Bab 11 - Penyidikan Kasus

Bắt đầu từ đầu
                                    

"Enggak kok sini biar saya yang minta ijin mama kamu" Rian mengambil ponsel ditangan Lucita, mendeham dan kini menempelkan ditelinganya, "Selamat malam Tante, maaf ya Tante saya terlambat minta ijinnya ... Lucita mau saya pinjam sebentar biar nanti saya yang antar dia pulang" pinta Rian dengan nada sangat berwibawa.

"Hehehe ... gak apa-apa kok santai aja! Jangan kaku gitu ah ... iya bawa aja Lucitanya, kalo dia bawel sumpel aja mulutnya sama cabe!" pesan mama Lucita, Rian kembali dibuat terkekeh.

Lucita mengerutkan kening heran sambil memperhatikan Rian dan mamanya yang mengobrol cukup lama "Udah lama amat!" gerutu Lucita. "Keburu malam ..." Lucita menujuk jam tangan dipergelangan tangan kirinya.

"Iya Tante sama-sama ... oke Tante siap" jawab Rian lalu mengakhiri sambungan telpon dari mama Lucita. "Mama kamu seru" ujar Rian memberikan ponselnya kembali pada Lucita.

Lucita memicingkan mata, "Mama bilang apa aja?" ia curiga jika mulut mamanya ini sudah bocor.

"Mama kamu bilang kalo kamu bawel kasih cabe aja" cerita Rian terkekeh.

Lucita mengelengkan kepalanya, "Dasar emak-emak jaman sekarang" gerutu Lucita mengacak-ngacak rambutnya frustasi.

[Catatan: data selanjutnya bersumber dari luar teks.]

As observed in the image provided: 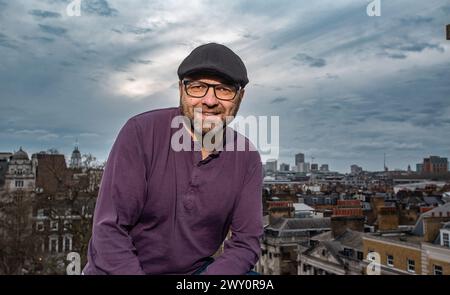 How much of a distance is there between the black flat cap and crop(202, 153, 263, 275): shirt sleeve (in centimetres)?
31

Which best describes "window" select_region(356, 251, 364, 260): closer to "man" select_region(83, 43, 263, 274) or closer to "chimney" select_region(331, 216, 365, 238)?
"chimney" select_region(331, 216, 365, 238)

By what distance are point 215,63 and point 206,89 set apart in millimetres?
88

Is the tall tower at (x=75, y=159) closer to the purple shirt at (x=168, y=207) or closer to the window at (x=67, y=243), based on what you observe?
the window at (x=67, y=243)

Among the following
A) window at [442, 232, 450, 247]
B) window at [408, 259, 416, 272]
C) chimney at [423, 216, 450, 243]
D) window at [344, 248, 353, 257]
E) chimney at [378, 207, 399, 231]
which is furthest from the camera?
chimney at [378, 207, 399, 231]

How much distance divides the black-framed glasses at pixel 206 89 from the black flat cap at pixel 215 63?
0.03m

Lucita bangkit, menarik tangan Rian untuk segera mengikutinya, "Ayo kita lanjut!" ajak Lucita karena Rian malah terdiam.

"Oh, iya ayo" ujar Rian kini mengekori Lucita.

***

Ternyata untuk menemukan cafe Uno tak semudah buang ingus, mobil mereka sudah berputar-putar tak jelas mengitari pertigaan yang menurut sumber tempat dimana cafe Uno berada. Setiap orang yang mereka tanyakan selalu memberitahukan arah yang berbeda hingga mereka berdua dibuat kebingungan. Lucitapun dibuat kesal karena disaat genting seperti ini Maharani malah tak menampakan batang hidungnya.

"Udah satu jam ini, masa belum ketemu juga cafenya?" ucap Lucita lesu, "Itu ada orang lagi! Kita tanya lagi" tunjuk Lucita pada seorang penjaga kios dipinggir jalan, Rian mengikuti saran Lucita, ia membuka kaca jendelanya lalu mulai bertanya pada bapak penunggu kios itu.

"Punten Pak, letak cafe Uno itu dimana?" tanya Rian sopan, namun berbeda dengan tatapan bapak penunggu kios yang seolah ketakutan.

"Udah gak ada Pak Cafe itu tutup" jawab bapak itu, namun pancaran matanya terlihat kebohongan. "Bapak pulang aja" perintahnya.

Lucita melirik Rian dari bawah sampai atas, 'Apa mungkin gara-gara Rian pake seragam polisi?' batin Lucita. "Udah yuk! Kita pulang aja, percuma cafenya udah tutup" potong Lucita menarik ujung seragam Rian.

Rian menutup jendela mobilnya dan kembali menekan pedal gasnya, "Kenapa? kamu ingin pulang?" tanya Rian pada Lucita.

"Buka seragam kamu! Ini pasti gara-gara kamu pake seragam, jadi mereka bikin kita kebingungan dan gak bakalan bisa nemuin cafe itu!" ujar Lucita, Rian menatap dirinya. "Ganti gih!" perintah Lucita.

"Oh iya! Saya sampai lupa kalo masih memakai seragam dinas" Rian menepikan mobilnya lalu membuka kancing seragamnya satu persatu dan Lucita buru-buru menutup matanya. "Kamu kenapa?" tanya Rian melihat Lucita.

"Tutup mata! Jangan sampai mata saya ngeliat dada kamu yang ada tahunya!" jawab Lucita tanpa membuka matanya.

"Tenang, saya masih pake kaos kok" jawab Rian melanjutkan membuka seragamnya sedangkan Lucita membuka tangannya pelan-pelan. "Lihat, saya gak telanjang dada kan?" ucap Rian terkekeh.